I have lots...but here is one.

I was doing a private lesson at the training facility I used to work at. I took a dog out ot use as a distraction for this client. While we were talking the distraction dog hiked his leg on the womans nice dress pants. She was not happy and the lesson went down hill from there. 8)  

I went back to tell the other trainers what had happened and they told me the dog was just expressing how they all felt about working with that client. :lol: :lol: 

~Jamie


----------



## Tim Martens (Mar 27, 2006)

my dogs have pooped in many houses, buildings, businesses. the adrenaline gets pumping for the search and it just happens. nothing worse than telling somebody their house just got burglarized and a dog pooped in it to boot....


----------



## Connie Sutherland (Mar 27, 2006)

Nancy Jocoy said:


> Probably the first time I took one of my dogs, Toby, camping.
> 
> At 3am the urge to pee hits and I go outside the tent and he follows me.
> 
> Midstream I feel this cold thing up between my legs - yep - put his cold nose on my girly parts and I stood up in a flash. It was NOT a pretty sight nor was I a "happy camper" -


The term "girly parts" is even better than the story! I gotta remember that. :lol: :lol: :lol:


----------



## Bob Scott (Mar 30, 2006)

Well, dog related in the sense that it involved a bark collar. I got my first one back in the late 60s, pretty much when they first came out. At that time they weren't much more then bark and burn, No control settings, just ZAAAAP!
Anyhow, my wife was standing across the kitchen table from me, looking at the collar. She asked me how it worked. I told her.  Who woulda thunk she would put her thumbs on the contacts and go WOOF! 
I guess she got locked on that thing cause she didn't let go and kept howling and jumping around the kitchen like a barefoot kid on a hot blacktop road. 
By this time I was laughing so hard I was crying, but my normally, sweet, loving wife didn't quite see the humor in the same light I did. 
That bark collar came buzzing at my head at warp speed. Being in my early 20s at the time, I still had pretty quick reflexes, and ducked just in time to watch it sail through a closed window behind me.  
Needless to say, my recient purchase of a nice Dogtra e-collar needed LOTS of explinations and honey-do promises.


----------



## Connie Sutherland (Mar 27, 2006)

Bob Scott said:


> Well, dog related in the sense that it involved a bark collar. I got my first one back in the late 60s, pretty much when they first came out.

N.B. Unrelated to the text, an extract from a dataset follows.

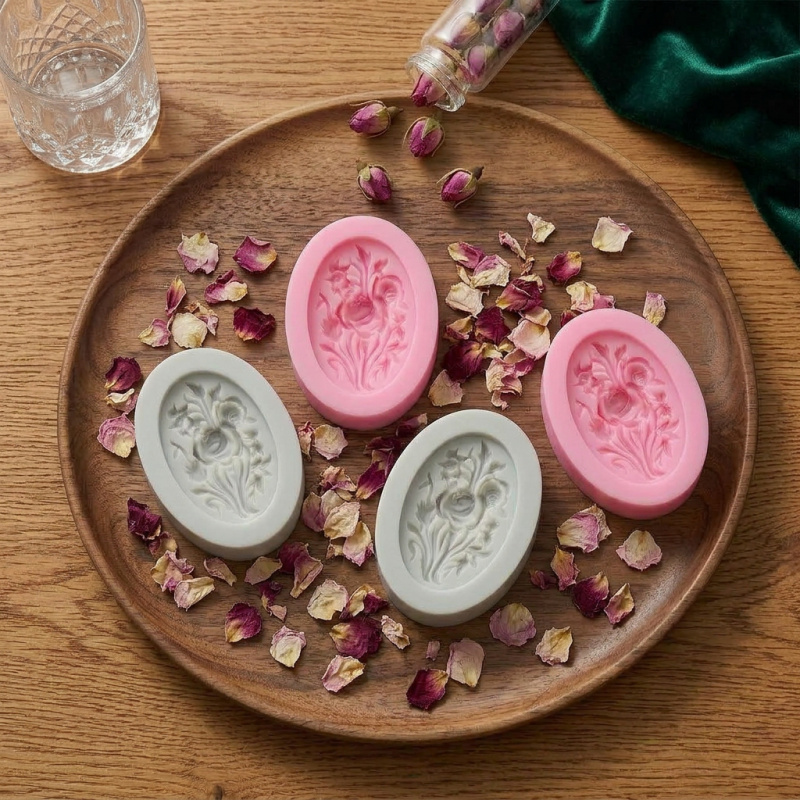 4 Silicone mold with flower sh - đánh giá và giá Soap Making Organic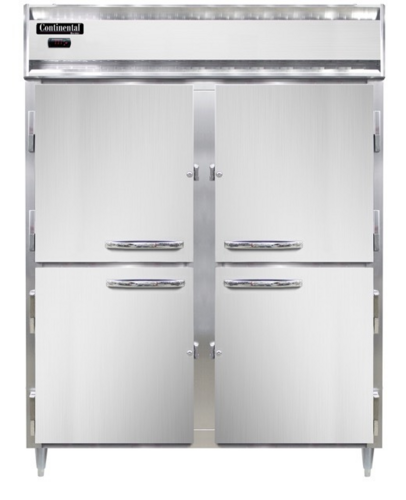 Continental DL2WE-SS-PT-HD-SD-GD Heated Cabinet, Pass-Thru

At that time they weren't much more then bark and burn, No control settings, just ZAAAAP!
> Anyhow, my wife was standing across the kitchen table from me, looking at the collar. She asked me how it worked. I told her.  Who woulda thunk she would put her thumbs on the contacts and go WOOF!
> I guess she got locked on that thing cause she didn't let go and kept howling and jumping around the kitchen like a barefoot kid on a hot blacktop road.
> By this time I was laughing so hard I was crying, but my normally, sweet, loving wife didn't quite see the humor in the same light I did.
> ...


So you're saying it took 35+ years............. LOL!


----------



## Bob Scott (Mar 30, 2006)

Connie wrote:

So you're saying it took 35+ years............. LOL![/quote]

I guess people are like dogs that way. One bad expierience at the wrong time in their life can be carried over for a looooooog time. :lol: :lol:


----------



## Sarah Hall (Apr 12, 2006)

Well, I guess I might as well tell my embarassing story:
At a schutzhund trial a few years back, I was having a pretty good day. Dog was performing near perfect, and I wasn't doing too many handler screw-ups. When I trained the dog, I trained him to do the military finish for Fuss from a front position. Well, when the dog jumped up to do the military finish, his front paw got stuck on my pants pocket and ripped my pants halfway down in front of EVERYONE!   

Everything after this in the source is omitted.